Preview the file that still needs spliting. It's slightly over 10 seconds

In [82]:
from IPython.display import Audio


Audio('../examples/needs_split/LOU0000007_10673ms.wav')

This file is a specially challenging scenario. I am almost 10 seconds and there is another breathing between words. Let's now split again the remaing with very aggresive options. That said, you probably wants you 2nd split to be more conservative, for example:
```
!python ../scripts/split_on_silence.py --min-silence 110 --silence-thresh -60 --keep-silence 40 ../examples/needs_split/
```

Let's push to see how far we can go for `LOU0000007_10673ms.wav`

In [83]:
!python ../scripts/split_on_silence.py --min-silence 40 --silence-thresh -60 --keep-silence 30 ../examples/needs_split/

Creating output directory:  ../examples/needs_split/../split_on_silence
creating split subdirectories "../examples/needs_split/../split_on_silence/more_than_10_seconds" and "../examples/needs_split/../split_on_silence/less_than_10_seconds"...
Iterating over files in the dataset directory "../examples/needs_split/"...
Exported chunk with duration    2230ms.
Exported chunk with duration    1353ms.
Exported chunk with duration    7090ms.


Verifying the output

In [84]:
root='../examples/split_on_silence/less_than_10_seconds'

for filename in os.listdir(root):
    if filename.endswith('.wav'):
        print(f'filename: {filename}')
        display(Audio(os.path.join(root, filename)))
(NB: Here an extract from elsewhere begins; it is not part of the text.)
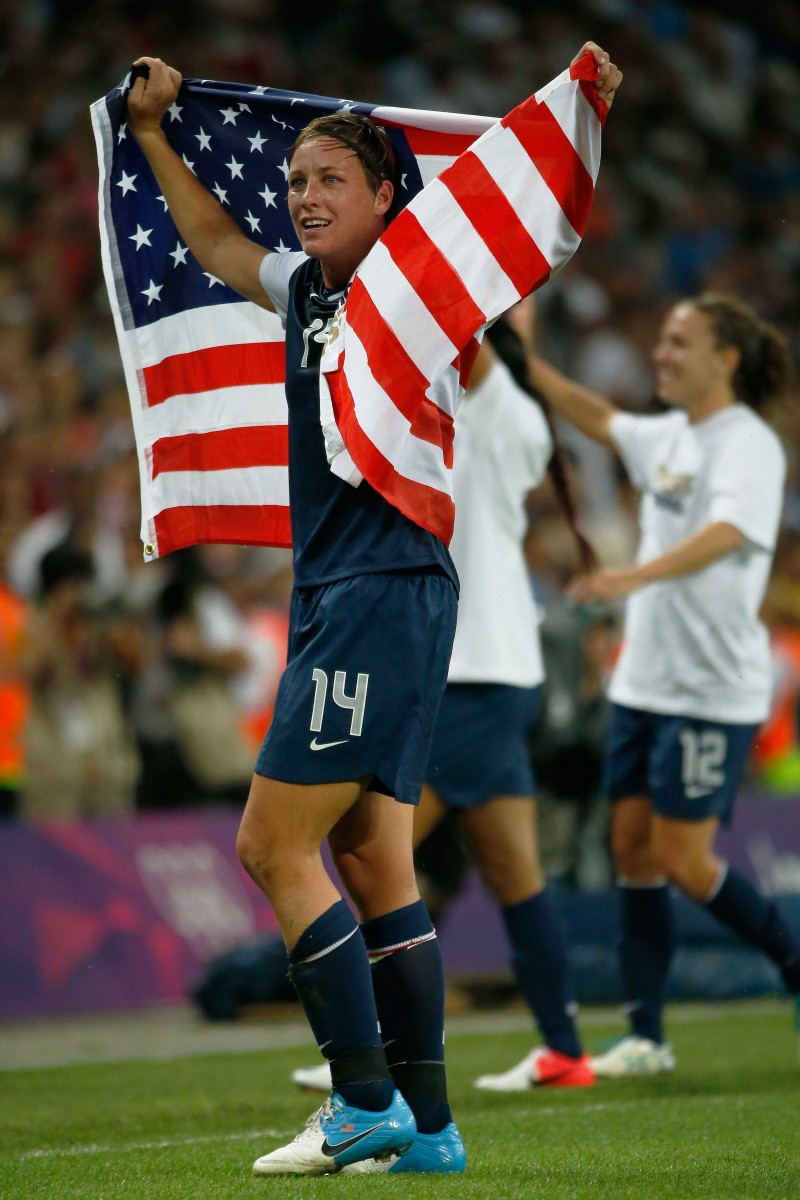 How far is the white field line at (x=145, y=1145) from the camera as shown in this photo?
13.5 feet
filename: LOU0000002_7090ms.wav


filename: LOU0000000_2230ms.wav


filename: LOU0000001_1353ms.wav


**This is not a great result because "cultura" is being cut off. This is an example of a case wether you want to manually split or drop file from dataset**

This process most be done carefully and manually. Make auditions to the audio files and check the durations.